Dumping her at a fancy restaurant is a scenario calculated for good TV. In reality? It’s a disaster.

Twenty years ago, Stella, a 39-year-old freelancer in California, was celebrating her one-year anniversary with her boyfriend, who we’ll call Steve. Being in their late teens in the early aughts, Steve drove the pair to Joe’s Crab Shack. “If you’re not familiar,” she explains, “it’s the kind of family restaurant that serves a bunch of greasy fried fish and the servers celebrate diners’ birthdays with choreographed dancing and singing.”

Stella ordered crab legs, a favorite dish but a finicky one that takes a long time to finish. To her horror, shortly after the entree arrived, Steve said he didn’t want to date her anymore. “I was shocked, because there was no real prior indication we were heading toward a breakup,” she continues. “I also felt a little tricked, because we were supposed to be celebrating.”

Stella says her stomach dropped, but she forced herself through the painfully slow crab legs anyway. She didn’t try to argue or convince Steve that they should stay together, so they ate dinner in frosty silence. To make matters worse, when it was finally time to get the check, Stella’s agony was prolonged because the servers were preoccupied, singing and dancing around other tables. “It was a very awkward dinner,” she concludes. “It’s definitely one of the worst, if not the worst, breakups I’ve ever experienced.”

Stella’s dumping was an excruciating, real-life version of a scene famous in the pop-culture archives — the awkward restaurant breakup.

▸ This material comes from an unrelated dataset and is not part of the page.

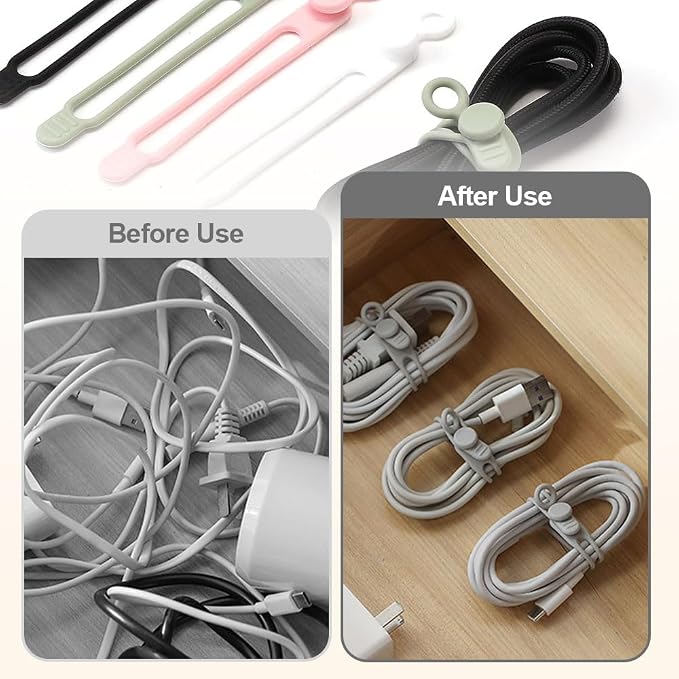 20pcs Data Cable Organizer, 2025 New Silicone Cable Ties Cable Management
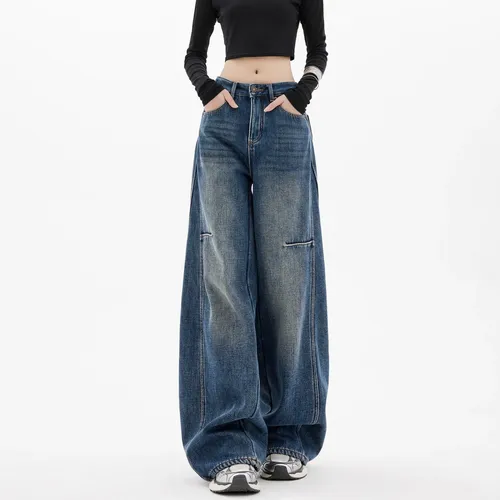Jiyong　20 Jzx Pantalon Jeans Mujer Perna Ancha Retro Solto Casual Xz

Clichéd enough to warrant its own entry on TV Tropes, the breakup dinner has been a staple of popular entertainment for so long that, even in the 1970s, it was a trope well-worn enough to be parodied. Despite being so stale, it’s continued to be rolled out in the decades since: in films like Legally Blonde (2001), The Social Network (2010) and The Five-Year Engagement (2012); and on TV shows like Seinfeld (1997), The Office (2009) and Happy Endings (2012).

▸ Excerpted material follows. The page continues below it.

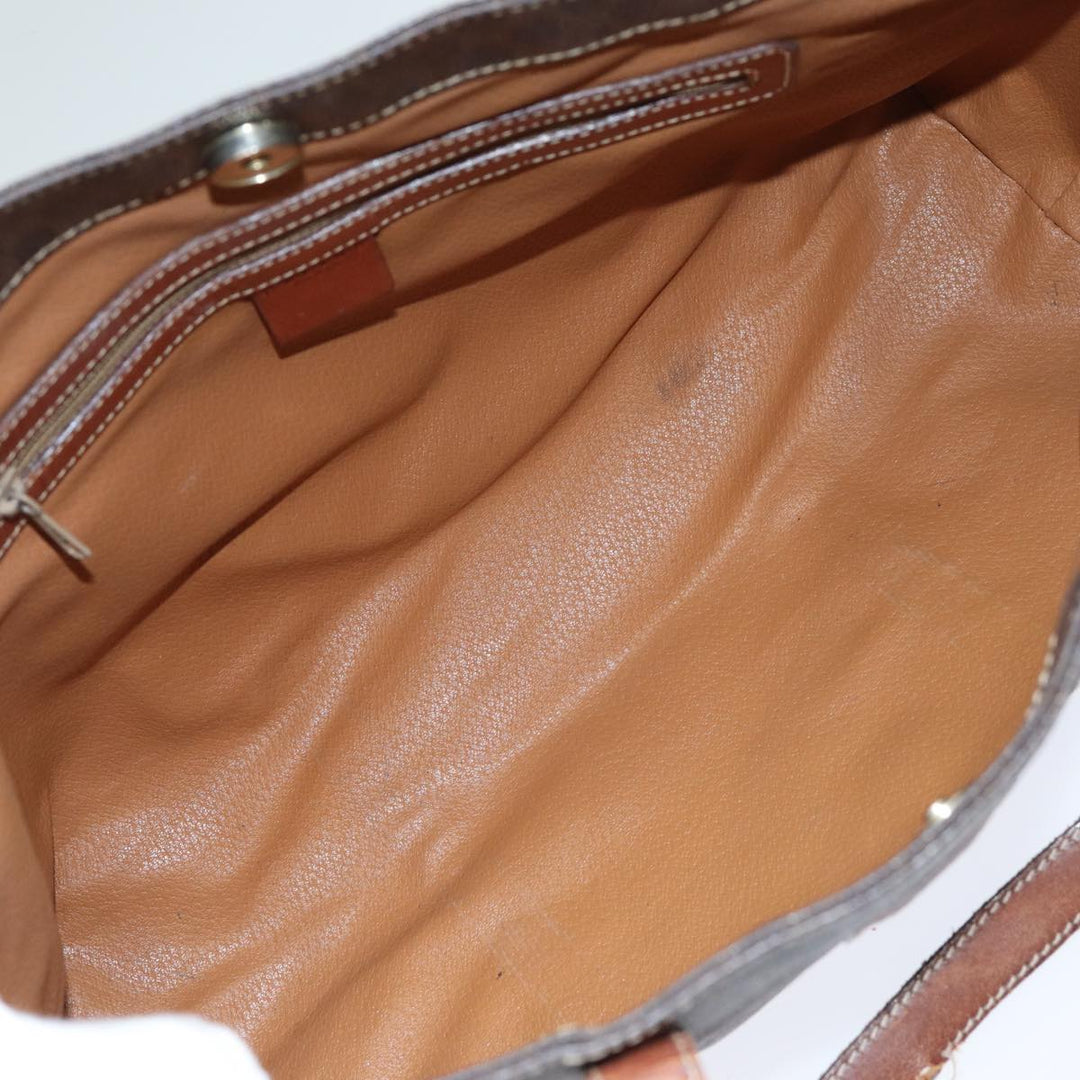 Celine Macadam Canvas Tote Bag PVC Leather Brown  15311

But do people actually break up like this in real life? Obviously poor Stella did, but the restaurant breakup seems to be like the baseball sex analogy: It occurs so often in pop culture that it bleeds into real life, rather than the other way around. The whole scenario is calculated to make for good TV, but in reality, restaurants are terrible venues for ending relationships: You’re in public, servers are frequently interrupting and neither of you are free to fully express your emotions.

Of course, the assumed inability of the dumpee to scream and sob is the whole point, and the reason screenwriters love this set-up. Inevitably, the person being dumped makes a scene anyway, creating a cinematic spectacle that shocks onlookers and delights audiences. And that person is invariably a woman. The trope rests on gendered assumptions, namely that women are likely to respond hysterically to the news of a breakup and rarely be the ones to initiate it. It’s the old “women are emotional and men are rational” stereotype, combined with the stereotype that women are clingy and desperate for committed relationships whereas men don’t want to be “tied down.”

Obviously, real life is much more complicated. Men are actually at least as likely to be dumped by women, and at any rate, people usually want breakups to be as respectful as possible. Even if you do want to take the cowardly route of foreclosing a display of emotion, you can easily dump your partner by text now — there’s no need to fork out $200 for dinner at a nice restaurant.

Unsurprisingly, Stella cautions people not to opt for this breakup venue. “I don’t think it’s very kind,” she says, explaining that if you absolutely must dump someone over a meal, you should wait until you’re wrapping up to broach the subject, drive separately so they can get away from you immediately and have the decency to pick up the whole check — it’s the least you can do, she says, given that you’ve just hurt their feelings in public.

Oh, and “maybe don’t do it on your anniversary,” she adds.